Antibiotikaresistenzen: Die ignorierte Pandemie und das weltweite Versagen

Wir stehen vor einer dramatischen Herausforderung: Antibiotikaresistenzen nehmen immer mehr zu, und es gibt bisher keine ernsthaften Versuche gegenzusteuern. Denn aus den nötigen Maßnahmen lässt sich kaum Profit schlagen. Die Corona-Krise verschärft die Situation noch.

von Jochen Mitschka

Marianne Koch (Name von der Redaktion geändert) arbeitet in einem Krankenhaus in Nordrhein-Westfalen, in einer Region, die immer wieder wegen COVID-19 in die Schlagzeilen geriet. Sie berichtet, dass in ihrer Abteilung nun drei Bereiche eingerichtet wurden: ein roter Bereich für COVID-19 Erkrankte, ein orangener Bereich für Verdachtsfälle und ein grüner Bereich. Laut ihrer Darstellung bleibt der rote Bereich seit Wochen leer. Weiter erklärt sie, dass ihre Sorge nicht dem Coronavirus, sondern einer ganz anderen Art von Mikroorganismus gilt: dem sogenannten "Krankenhauskeim", genauer Methicillin-resistenten Bakterien der Art Staphylococcus aureus (MRSA).

Das ist ein Bakterium, das auf der Haut und den Schleimhäuten vieler gesunder Menschen vorkommt. Werden solche Bakterien übermütig und führen sie zu Entzündungen, können die dann aber wegen ihrer Resistenz gegen Antibiotika nicht oder nur schlecht behandelt werden, was zu lebensbedrohenden Situationen führen kann.

Marianne erklärt, dass solche Keime immer häufiger als Erkrankungsgrund diagnostiziert werden. Der Erkrankte kommt dann in Isolation. Pfleger und Ärzte dürfen nur in Schutzanzügen in das Zimmer. MRSA sind aber nur der Anfang einer Pandemie, die sich in Zeitlupe entwickelt und nach Einschätzung zahlreicher Experten gefährlicher ist als das gerade so im Fokus stehende Coronavirus SARS-CoV-2. Der Grund, warum man dieser Pandemie weniger Aufmerksamkeit in Politik und Medien widmet, dürfte möglicherweise die Tatsache sein, dass keine Impfung dagegen möglich ist. Und während bei COVID-19 die Pharmaindustrie als Retter gefeiert wird und ihr von den Regierenden Milliarden Dollar und Euro geradezu hinterhergeworfen werden, ist es just diese Industrie, die die Verantwortung für die schleichende Antibiotikaresistenz trägt.

Bakterien versus Antibiotika

Bakterien leben seit Milliarden von Jahren auf dem Planeten. Und manche sagen, dass sie die treibende Kraft hinter der Entwicklung des Lebens waren. In vier Milliarden Jahren lernten Bakterien sich anzupassen wie keine andere Spezie auf der Welt. Wenn es die Menschen irgendwann nicht mehr geben wird, werden Bakterien mit großer Sicherheit immer noch existieren.

Interessanterweise sind Antibiotika ursprünglich Waffen, die Mikroorganismen einsetzen, um sich gegenseitig zu bekämpfen.

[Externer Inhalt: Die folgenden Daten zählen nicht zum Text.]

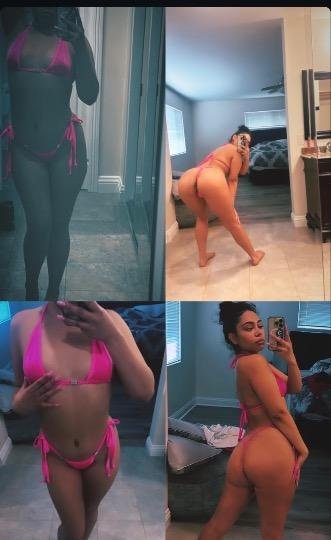 23yo Nicaraguan Momma — Perfect at Giving Head and Riding 69 31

Wir haben sie uns zunutze gemacht und gegen Bakterien eingesetzt. Als das Penizillin in die Massenproduktion ging, dachte man, dass nun ein Mittel gefunden sei, das gegen alle Entzündungskrankheiten eingesetzt werden könnte, ein wahrhaftiges Wundermittel. Und tatsächlich veränderte Penizillin die Welt. Menschen, die zuvor gestorben wären, konnten nun gerettet werden.

Zu glauben, dass man ein Allheilmittel gegen ein Wesen gefunden hatte, das vier Milliarden Jahre durch ständige Anpassung überlebt hatte, war ziemlich arrogant, aber typisch für unseren menschlichen Hochmut. Und natürlich schlugen die Bakterien schon bald zurück, indem sie Resistenzen entwickelten – wovor schon der Entdecker des Penizillins, Alexander Fleming, gewarnt hatte.

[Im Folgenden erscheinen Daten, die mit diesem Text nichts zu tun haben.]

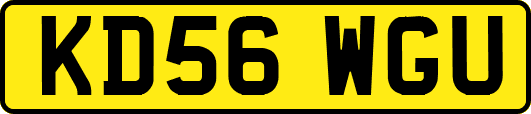 KD56WGU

Der Vietnamkrieg und die Folgen für weltweite Resistenzbildung

Aber offensichtlich hatte niemand zugehört, als er seine Warnung formulierte. Denn als im Vietnamkrieg zahlreiche US-Soldaten mit Tripper, genauer gesagt der Geschlechtskrankheit Gonorrhoe, angesteckt wurden, behandelten die Ärzte sie mit zwei Formen von Penizillin, machten sie dadurch wieder kampffähig und dachten nicht daran, welche Folgen daraus für die Welt resultieren würden.

Und so kam es, dass 1976 die ersten Meldungen über das Versagen von Penizillin auftraten. 1980 konnte man es gegen Tripper praktisch nicht mehr einsetzen. Nach 20 Jahren wurde auch das Nachfolgeprodukt Ciprofloxacin ineffektiv. Dass dieses Antibiotikum so relativ lange wirksam war, führt man auf die drastische Reduzierung von Partnerwechseln aufgrund der gleichzeitig grassierenden HIV-Epidemie zurück.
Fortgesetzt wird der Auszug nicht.